[ASSIGNMENT]:
Look for the line containing "Eltern mit Kindern" and the line containing "182 Kelly Circle Property Photo 7" in the entries below. Copy those two and all lines between them exactly, leaving out pictures.

[DATA]:
━━━━━━━━━━━━━━━━

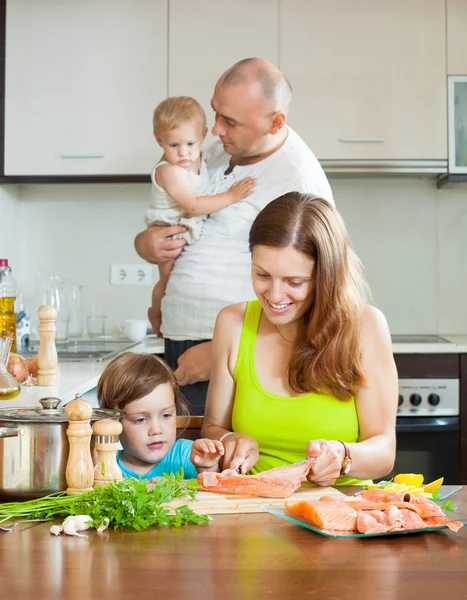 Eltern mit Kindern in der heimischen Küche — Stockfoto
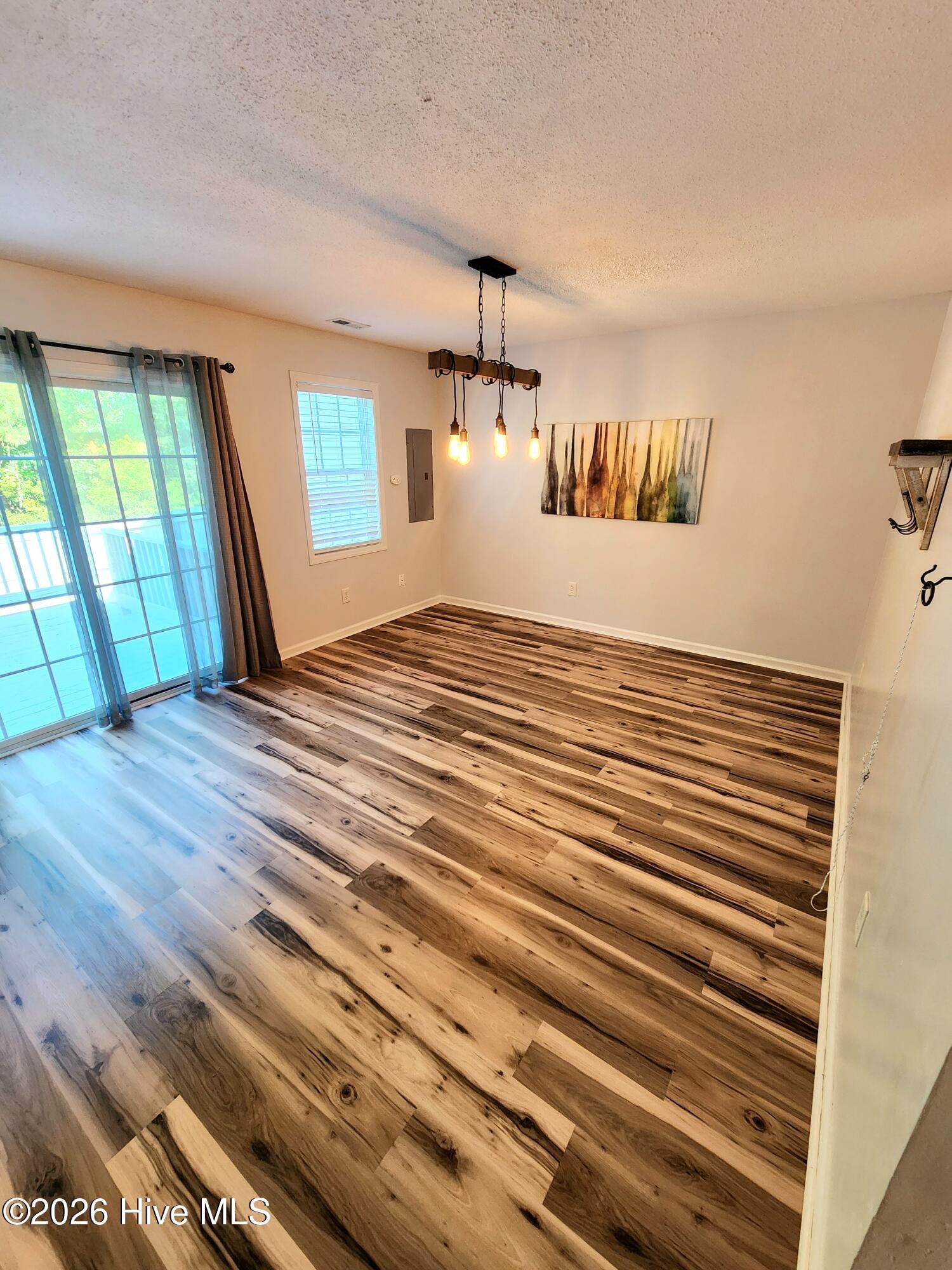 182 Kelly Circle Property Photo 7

━━━━━━━━━━━━━━━━

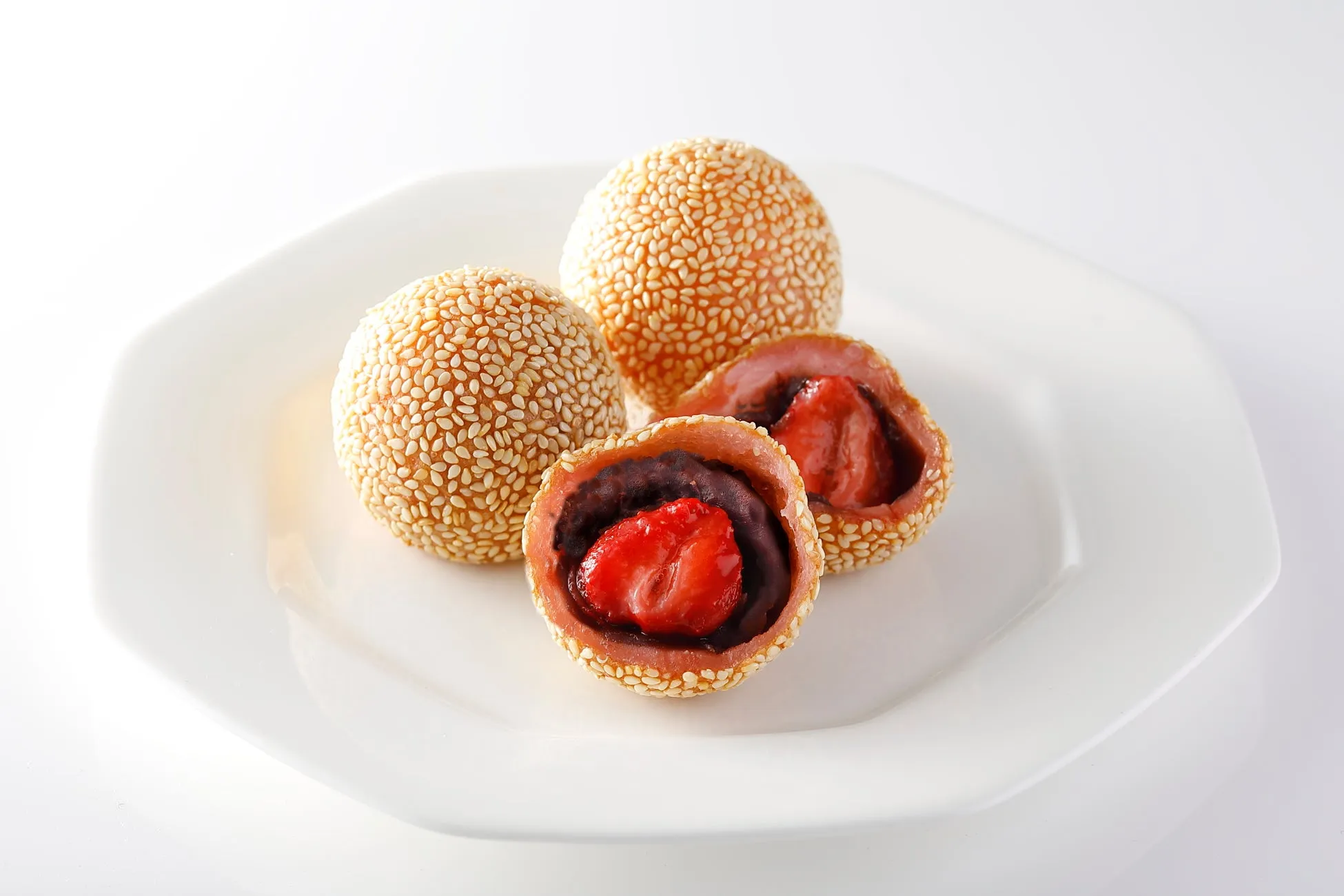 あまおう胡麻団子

━━━━━━━━━━━━━━━━

[ANSWER TO THIS EXERCISE]:
 Eltern mit Kindern in der heimischen Küche — Stockfoto
 182 Kelly Circle Property Photo 7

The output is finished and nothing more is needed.